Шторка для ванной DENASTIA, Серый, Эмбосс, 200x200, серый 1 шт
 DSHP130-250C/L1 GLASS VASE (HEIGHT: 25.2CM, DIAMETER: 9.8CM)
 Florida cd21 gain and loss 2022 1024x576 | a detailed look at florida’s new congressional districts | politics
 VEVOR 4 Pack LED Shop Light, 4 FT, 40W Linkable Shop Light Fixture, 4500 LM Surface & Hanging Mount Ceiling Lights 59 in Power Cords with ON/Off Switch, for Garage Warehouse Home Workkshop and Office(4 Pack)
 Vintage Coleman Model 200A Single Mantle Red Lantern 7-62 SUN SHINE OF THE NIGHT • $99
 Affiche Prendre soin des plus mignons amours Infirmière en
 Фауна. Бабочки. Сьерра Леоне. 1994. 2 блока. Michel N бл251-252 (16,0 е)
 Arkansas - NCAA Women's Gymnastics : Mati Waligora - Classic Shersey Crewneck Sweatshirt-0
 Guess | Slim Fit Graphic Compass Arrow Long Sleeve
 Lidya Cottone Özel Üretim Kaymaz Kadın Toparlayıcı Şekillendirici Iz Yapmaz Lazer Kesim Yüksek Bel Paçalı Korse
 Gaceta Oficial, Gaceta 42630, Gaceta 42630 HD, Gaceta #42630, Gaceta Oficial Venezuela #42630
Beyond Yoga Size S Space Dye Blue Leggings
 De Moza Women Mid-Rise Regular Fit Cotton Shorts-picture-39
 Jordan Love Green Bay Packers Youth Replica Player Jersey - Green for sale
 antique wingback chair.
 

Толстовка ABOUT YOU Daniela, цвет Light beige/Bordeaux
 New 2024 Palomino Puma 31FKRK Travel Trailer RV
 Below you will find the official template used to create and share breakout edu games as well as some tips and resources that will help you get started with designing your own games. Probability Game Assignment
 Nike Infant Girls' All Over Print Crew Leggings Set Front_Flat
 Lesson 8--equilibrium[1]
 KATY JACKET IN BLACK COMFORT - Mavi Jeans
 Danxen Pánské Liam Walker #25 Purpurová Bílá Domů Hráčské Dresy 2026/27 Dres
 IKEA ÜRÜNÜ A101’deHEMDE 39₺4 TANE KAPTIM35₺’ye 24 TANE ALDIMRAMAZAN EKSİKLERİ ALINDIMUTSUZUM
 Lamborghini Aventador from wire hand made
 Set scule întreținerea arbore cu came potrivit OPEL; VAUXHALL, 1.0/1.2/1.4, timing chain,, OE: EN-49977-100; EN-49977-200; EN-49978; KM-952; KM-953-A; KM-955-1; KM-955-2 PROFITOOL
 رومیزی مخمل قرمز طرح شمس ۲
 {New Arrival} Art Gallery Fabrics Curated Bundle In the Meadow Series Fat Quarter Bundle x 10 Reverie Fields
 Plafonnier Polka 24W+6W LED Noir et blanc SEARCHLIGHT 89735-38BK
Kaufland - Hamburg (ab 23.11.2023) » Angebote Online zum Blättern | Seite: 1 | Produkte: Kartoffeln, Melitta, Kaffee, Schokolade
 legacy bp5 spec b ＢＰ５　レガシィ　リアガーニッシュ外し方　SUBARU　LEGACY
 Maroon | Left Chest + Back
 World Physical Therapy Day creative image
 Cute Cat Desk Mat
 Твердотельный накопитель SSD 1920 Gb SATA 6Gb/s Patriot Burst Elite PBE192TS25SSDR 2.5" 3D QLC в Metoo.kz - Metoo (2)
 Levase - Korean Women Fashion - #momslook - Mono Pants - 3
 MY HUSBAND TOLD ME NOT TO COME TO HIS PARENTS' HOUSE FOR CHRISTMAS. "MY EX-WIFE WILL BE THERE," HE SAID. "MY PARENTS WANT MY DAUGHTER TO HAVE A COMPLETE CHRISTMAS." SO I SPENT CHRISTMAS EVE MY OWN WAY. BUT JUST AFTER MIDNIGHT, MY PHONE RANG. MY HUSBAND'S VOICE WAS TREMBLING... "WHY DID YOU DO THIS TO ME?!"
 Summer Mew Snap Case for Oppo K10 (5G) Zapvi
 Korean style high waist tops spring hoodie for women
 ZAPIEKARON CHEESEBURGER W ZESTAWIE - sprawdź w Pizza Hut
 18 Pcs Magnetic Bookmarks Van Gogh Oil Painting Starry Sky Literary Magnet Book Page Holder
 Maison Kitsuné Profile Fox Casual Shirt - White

|---|

• How to complete this task: Repeat the whole listing exactly, keeping every line intact.

• Exercise solution:
Шторка для ванной DENASTIA, Серый, Эмбосс, 200x200, серый 1 шт
 DSHP130-250C/L1 GLASS VASE (HEIGHT: 25.2CM, DIAMETER: 9.8CM)
 Florida cd21 gain and loss 2022 1024x576 | a detailed look at florida’s new congressional districts | politics
 VEVOR 4 Pack LED Shop Light, 4 FT, 40W Linkable Shop Light Fixture, 4500 LM Surface & Hanging Mount Ceiling Lights 59 in Power Cords with ON/Off Switch, for Garage Warehouse Home Workkshop and Office(4 Pack)
 Vintage Coleman Model 200A Single Mantle Red Lantern 7-62 SUN SHINE OF THE NIGHT • $99
 Affiche Prendre soin des plus mignons amours Infirmière en
 Фауна. Бабочки. Сьерра Леоне. 1994. 2 блока. Michel N бл251-252 (16,0 е)
 Arkansas - NCAA Women's Gymnastics : Mati Waligora - Classic Shersey Crewneck Sweatshirt-0
 Guess | Slim Fit Graphic Compass Arrow Long Sleeve
 Lidya Cottone Özel Üretim Kaymaz Kadın Toparlayıcı Şekillendirici Iz Yapmaz Lazer Kesim Yüksek Bel Paçalı Korse
 Gaceta Oficial, Gaceta 42630, Gaceta 42630 HD, Gaceta #42630, Gaceta Oficial Venezuela #42630
Beyond Yoga Size S Space Dye Blue Leggings
 De Moza Women Mid-Rise Regular Fit Cotton Shorts-picture-39
 Jordan Love Green Bay Packers Youth Replica Player Jersey - Green for sale
 antique wingback chair.
 

Толстовка ABOUT YOU Daniela, цвет Light beige/Bordeaux
 New 2024 Palomino Puma 31FKRK Travel Trailer RV
 Below you will find the official template used to create and share breakout edu games as well as some tips and resources that will help you get started with designing your own games. Probability Game Assignment
 Nike Infant Girls' All Over Print Crew Leggings Set Front_Flat
 Lesson 8--equilibrium[1]
 KATY JACKET IN BLACK COMFORT - Mavi Jeans
 Danxen Pánské Liam Walker #25 Purpurová Bílá Domů Hráčské Dresy 2026/27 Dres
 IKEA ÜRÜNÜ A101’deHEMDE 39₺4 TANE KAPTIM35₺’ye 24 TANE ALDIMRAMAZAN EKSİKLERİ ALINDIMUTSUZUM
 Lamborghini Aventador from wire hand made
 Set scule întreținerea arbore cu came potrivit OPEL; VAUXHALL, 1.0/1.2/1.4, timing chain,, OE: EN-49977-100; EN-49977-200; EN-49978; KM-952; KM-953-A; KM-955-1; KM-955-2 PROFITOOL
 رومیزی مخمل قرمز طرح شمس ۲
 {New Arrival} Art Gallery Fabrics Curated Bundle In the Meadow Series Fat Quarter Bundle x 10 Reverie Fields
 Plafonnier Polka 24W+6W LED Noir et blanc SEARCHLIGHT 89735-38BK
Kaufland - Hamburg (ab 23.11.2023) » Angebote Online zum Blättern | Seite: 1 | Produkte: Kartoffeln, Melitta, Kaffee, Schokolade
 legacy bp5 spec b ＢＰ５　レガシィ　リアガーニッシュ外し方　SUBARU　LEGACY
 Maroon | Left Chest + Back
 World Physical Therapy Day creative image
 Cute Cat Desk Mat
 Твердотельный накопитель SSD 1920 Gb SATA 6Gb/s Patriot Burst Elite PBE192TS25SSDR 2.5" 3D QLC в Metoo.kz - Metoo (2)
 Levase - Korean Women Fashion - #momslook - Mono Pants - 3
 MY HUSBAND TOLD ME NOT TO COME TO HIS PARENTS' HOUSE FOR CHRISTMAS. "MY EX-WIFE WILL BE THERE," HE SAID. "MY PARENTS WANT MY DAUGHTER TO HAVE A COMPLETE CHRISTMAS." SO I SPENT CHRISTMAS EVE MY OWN WAY. BUT JUST AFTER MIDNIGHT, MY PHONE RANG. MY HUSBAND'S VOICE WAS TREMBLING... "WHY DID YOU DO THIS TO ME?!"
 Summer Mew Snap Case for Oppo K10 (5G) Zapvi
 Korean style high waist tops spring hoodie for women
 ZAPIEKARON CHEESEBURGER W ZESTAWIE - sprawdź w Pizza Hut
 18 Pcs Magnetic Bookmarks Van Gogh Oil Painting Starry Sky Literary Magnet Book Page Holder
 Maison Kitsuné Profile Fox Casual Shirt - White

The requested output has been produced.